§ Task details
Repeat the listing that follows character for character, omitting images.

== Given data

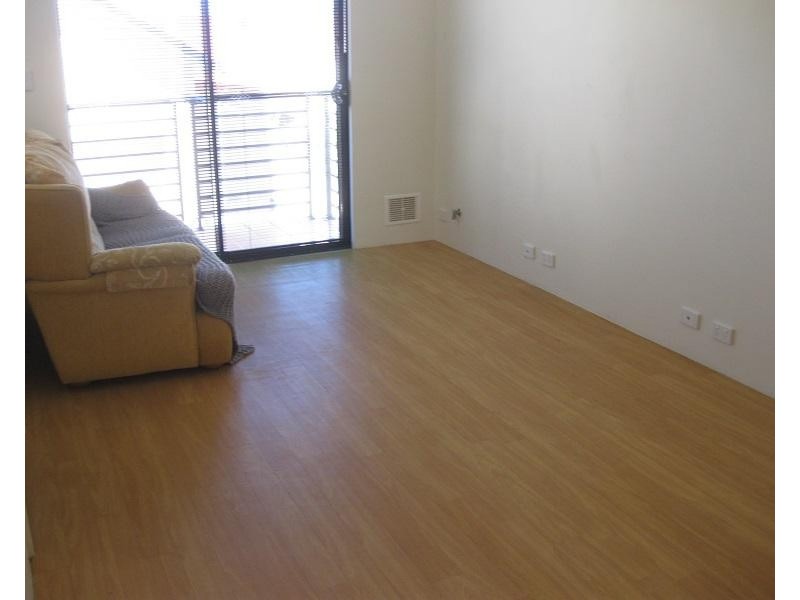 1/156 Lakeside Drive, Joondalup WA 6027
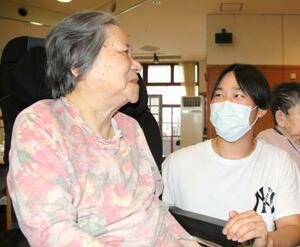 特別養護老人ホーム「分水の里」で働くベトナム人のグエン・タン・グエンさん(右)=5日、新潟県燕市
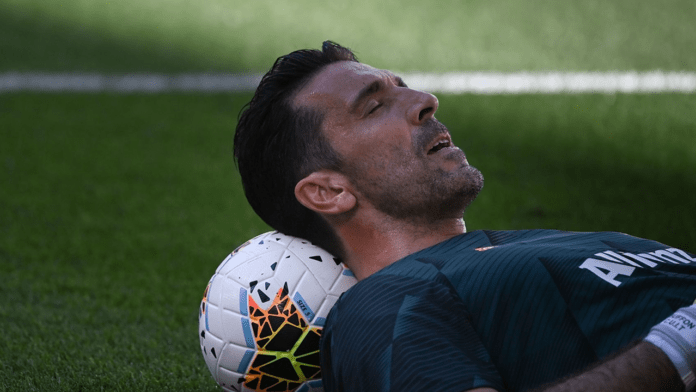 Scatto ► Buffon, una vita tra i guanti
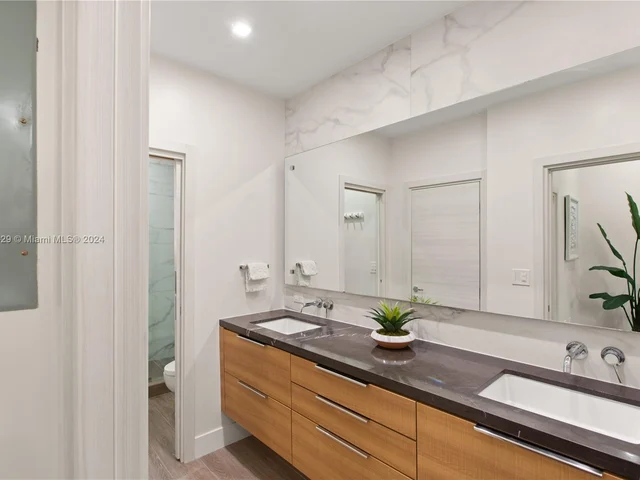 1300 Lugo Ave, Coral Gables FL 33156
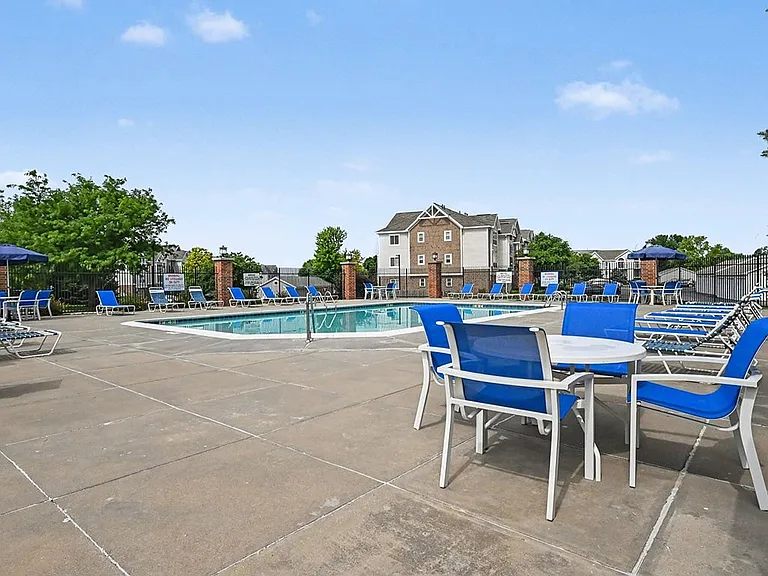 Brentwood Park Apartments — Photo 46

====

§ Output for this task
 1/156 Lakeside Drive, Joondalup WA 6027
 特別養護老人ホーム「分水の里」で働くベトナム人のグエン・タン・グエンさん(右)=5日、新潟県燕市
 Scatto ► Buffon, una vita tra i guanti
 1300 Lugo Ave, Coral Gables FL 33156
 Brentwood Park Apartments — Photo 46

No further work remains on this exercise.